Which interest incomes are completely exempt from income tax?
Several categories of interest income are fully exempt from income tax in India. PPF (Public Provident Fund) interest is exempt under Section 10(11) — there is no upper limit on the exempt amount. Sukanya Samriddhi Yojana interest is fully exempt under Section 10(11A). Interest on NRE (Non-Resident External) accounts and FCNR (Foreign Currency Non-Resident) accounts is exempt for non-residents under Section 10(4). Interest on tax-free bonds issued by government bodies like REC, NHAI, HUDCO, and IRFC is exempt under Section 10(15)(iv)(h) — no TDS is deducted on these. EPF/Provident fund interest up to 9.5% per year is exempt under Section 10(11) (excess over 9.5% taxable from AY 2022-23 onwards, subject to contribution limits). Interest on certain government securities notified under Section 10(15) is also exempt. On the other hand, NRO FD interest, NSC interest, RD interest, P2P lending interest, and corporate bond interest are all fully taxable at slab rates. Always verify the specific instrument before assuming any exemption.

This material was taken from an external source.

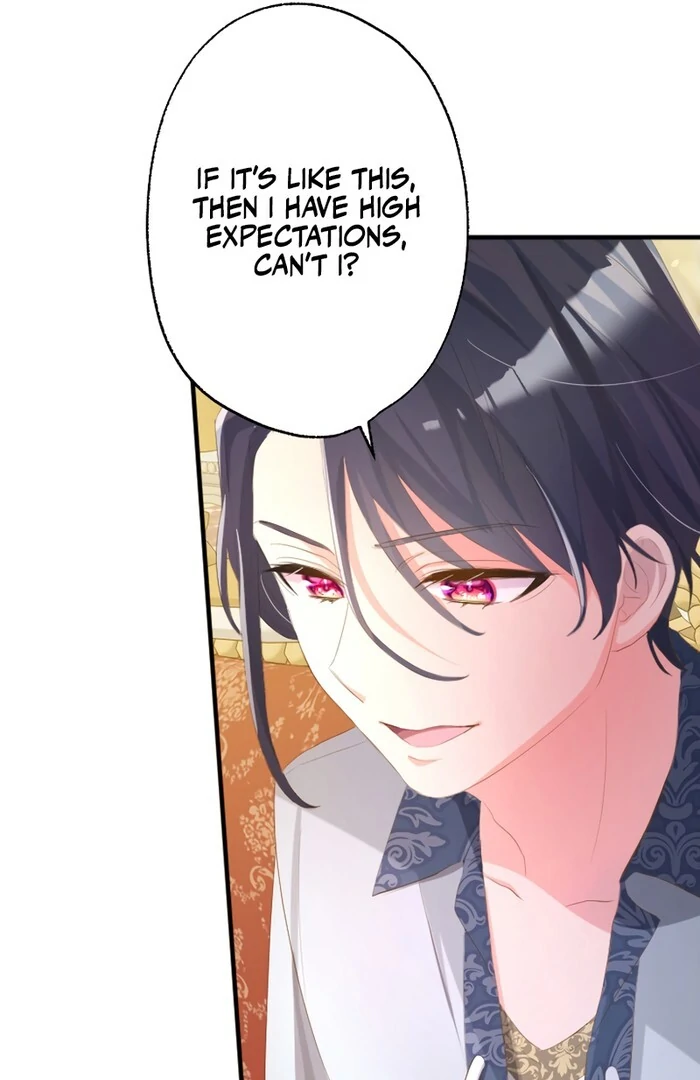 Don’t Cling to the Dead Villain Chapter 43 - Page 66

How is NSC (National Savings Certificate) interest taxed?
NSC interest has a dual tax treatment that many investors find confusing. Interest accrues annually on NSC but is not paid out — it is reinvested. For tax purposes, you must recognise this interest on an accrual basis each year, not just in the year you redeem the NSC. The accrued interest for years 1 through 4 (for a 5-year NSC) is treated as a fresh investment in NSC, and you can claim it as a deduction under Section 80C (subject to the ₹1.5 lakh overall 80C limit). This effectively makes those years tax-neutral for many investors. In the 5th and final year, the interest that accrues is NOT reinvested — it is paid out at maturity — and this final year's interest is fully taxable at slab rates with no 80C relief. If your NSC investment is modest and you are within the 80C limit, the first four years' interest is deductible, reducing your net tax on NSC to nearly zero. You must disclose the accrued NSC interest every year in your ITR under "Schedule OS," even if you have not received the money. TDS is not deducted on NSC interest by the post office.
What is the tax treatment of interest on home loans and business loans?
Home loan interest is not an "other income" item — it is a deduction against "Income from House Property." Under Section 24(b), you can deduct up to ₹2,00,000 per year in interest paid on a home loan for a self-occupied property. For a let-out or deemed let-out property, there is no upper cap on interest deductibility against rental income, though losses are restricted to ₹2 lakh for set-off against other heads (the balance can be carried forward for 8 years). Under the new tax regime, Section 24(b) deduction for self-occupied property is NOT available, though for let-out properties it continues. Business loan interest — whether taken by a sole proprietor, partnership, or company for business purposes — is fully deductible as a business expense under Section 37(1) with no ceiling. There is no TDS on loan interest paid by individuals to banks, but for certain inter-corporate loans, TDS under Section 194A applies. Peer-to-peer (P2P) lending interest received is taxable as other income, but interest paid on P2P borrowings for business purposes can be claimed as a deduction by the borrower.